そして、自身の身体や精神に起こる前向きな変化だけを頼りに、子育て、介護、仕事に奮闘しながらアーサナヨーガをする中で、何の迷いもなく、ヴェーダ・ヴェーダーンタの聖典と出会っていった。
そのヴェーダーンタの聖典には、感覚器官を通して得られる喜びとは、全く逆方向の内なる自分自身へのアプローチで得られる心の平安について、とてもロジカルに緻密に書かれていた。
一般的に広まったヨガの背景。それは、インドのヴェーダの文化の中に根付くものであり、ただのエクササイズではなく、生き方そのものであることを学んだ。それは、自身の内側を知っていくことで、いつでも自身の内側にあり、そこにこそ、永遠の平安があるという事。それは、「何が何たるかを知る」それだけで叶う、内側のシャンティ。
ヨーガがただものでないことは、明確に腑に落ちていった。
そして、そんな中で、伝統的な呼吸法を教えてくれるグルとの出会いがあった。
児玉俊彦先生。
そもそも、幼児期からあった過呼吸。当時は、そんな名前もなく、呼吸が苦しいと訴えても「季節の変わり目だからねぇ。」と母に済まされていた。でも、それから、半世紀。いつもではないが、確かにある一定の時期悩まされる。
何気なくしている呼吸が、「苦しい・・」と意識の上にのぼる時、人間は一瞬、死の恐怖を垣間見る。
自身の呼吸を知りたいと常々思っていた。

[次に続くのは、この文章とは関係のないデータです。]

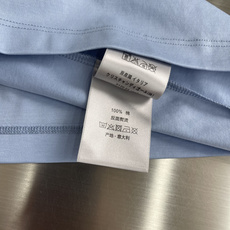 -Dio 基础款字母logo休闲圆领T。简约设计,高端订制。品牌logo绣花工艺,定制100支双面 -Dio 基础款字母logo休闲圆领T。简约设计,高端订制。品牌logo绣花工艺,定制100支双面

でも、それは、このヨーガを通して伝わるものでないと、意味がないと。。。それは、ヴェーダーンタの聖典を学ぶ中で、見えてきた呼吸の別の側面。
ヴェーダーンタ勉強会、パラヴィッデャー ケンドラム (para-vidya.com)
それは、この生きとし生けるものの中を貫くもの。木々の呼吸が私に与えられ、私の呼吸が木々に与えられていく・・・つまり循環。
「どうか、私の呼吸が、この宇宙の呼吸という営みを乱しませんように」
見事な法則で成り立つこの宇宙や地球の美しさ。
全てを与えられたこの個人という存在の私にできる事、自分が役割として担えることを、ずっとずっと探して生きてきた気がする。そう、つまり生き急いできた気がする。
今 やっとおぼろげに見えてきた自分自身の役割。
必要とする方たちに、出会えますように
自身の持っている知識や力が何かの、誰かの為になりますように。
どこに行かなくても、お金を出さなくても、何かをしなくても
私が私自身に寛ぐ・・・
知りきる道のりは、まだ先であるかもしれないが、確信を持って進む道を見つけた
安堵感。やっと判った、私が生きる意味。